Habt ihr die CD teilweise live eingespielt?

Wir nahmen einige Aspekte wie Schlagzeug und Bass live auf. Darüber spielte Ian seine Gitarrenspuren. Es ist das erste Mal, dass wir von dieser Arbeitsweise Gebrauch machten.

Das Endergebnis klingt sehr organisch und dynamisch.

Ja, es gibt einen starken Live-Einschlag. Komischerweise finden manche den Sound zu glattpoliert, woher dann auch die Analogien zum College-Sound herrühren dürften.

Man hört in jedem Fall die Rockband Billy Talent, aber ihr verwendet auch ein für euch ungewöhnliches Instrumentarium. Im zweiten Vers von "White Sparrows" hört man z.B. einen Flötensound, der mich ein wenig an die Strophe von Led Zeppelins "Stairway To Heaven" erinnert.

Das war alles Brendan O'Briens Idee. Er spielte auch all die Instrumente ein. Er spielte das Mellotron und das Piano, auch die Handclaps gehen auf ihn zurück.

Und ihr habt euch deswegen nicht in die Haare gekriegt?

Wenn du mit jemandem zusammenarbeitest, musst du Kompromisse eingehen. Wenn er mit einer Idee ankam, probierten wir sie natürlich aus. Wenn sie funktionierte, behielten wir sie bei, und wenn nicht, warfen wir sie über Bord.

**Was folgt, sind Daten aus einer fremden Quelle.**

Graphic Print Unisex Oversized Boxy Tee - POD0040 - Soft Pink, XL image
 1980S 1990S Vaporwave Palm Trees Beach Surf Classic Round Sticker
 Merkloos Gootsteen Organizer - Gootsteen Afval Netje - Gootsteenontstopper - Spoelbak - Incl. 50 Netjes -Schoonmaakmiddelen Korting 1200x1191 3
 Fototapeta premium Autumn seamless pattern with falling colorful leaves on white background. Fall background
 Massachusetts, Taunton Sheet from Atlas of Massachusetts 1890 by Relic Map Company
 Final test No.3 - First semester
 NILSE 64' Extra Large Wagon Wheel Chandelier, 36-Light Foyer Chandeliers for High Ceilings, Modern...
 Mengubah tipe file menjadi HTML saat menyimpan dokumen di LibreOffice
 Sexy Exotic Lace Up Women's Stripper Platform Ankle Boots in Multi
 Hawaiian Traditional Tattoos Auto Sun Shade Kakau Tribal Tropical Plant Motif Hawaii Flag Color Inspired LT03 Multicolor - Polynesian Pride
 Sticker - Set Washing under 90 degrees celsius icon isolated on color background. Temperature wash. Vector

Das Musikvideo zu "Rusted From The Rain" wirkt zunächst wie ein "Band spielt live"-Clip, jedoch werden dann nach und nach Szenen eingeflochten, die einen Plot suggerieren. Kannst du die zugrundeliegende Story erläutern?

Im "Rusted"-Video geht es darum, wie wir manchmal einfach ein oberflächliches Urteil über Menschen fällen, da sie sich unterscheiden oder nicht einer wie auch immer verbreiteten gesellschaftlichen Norm entsprechen. Das Video stellt dies in Bildern dar.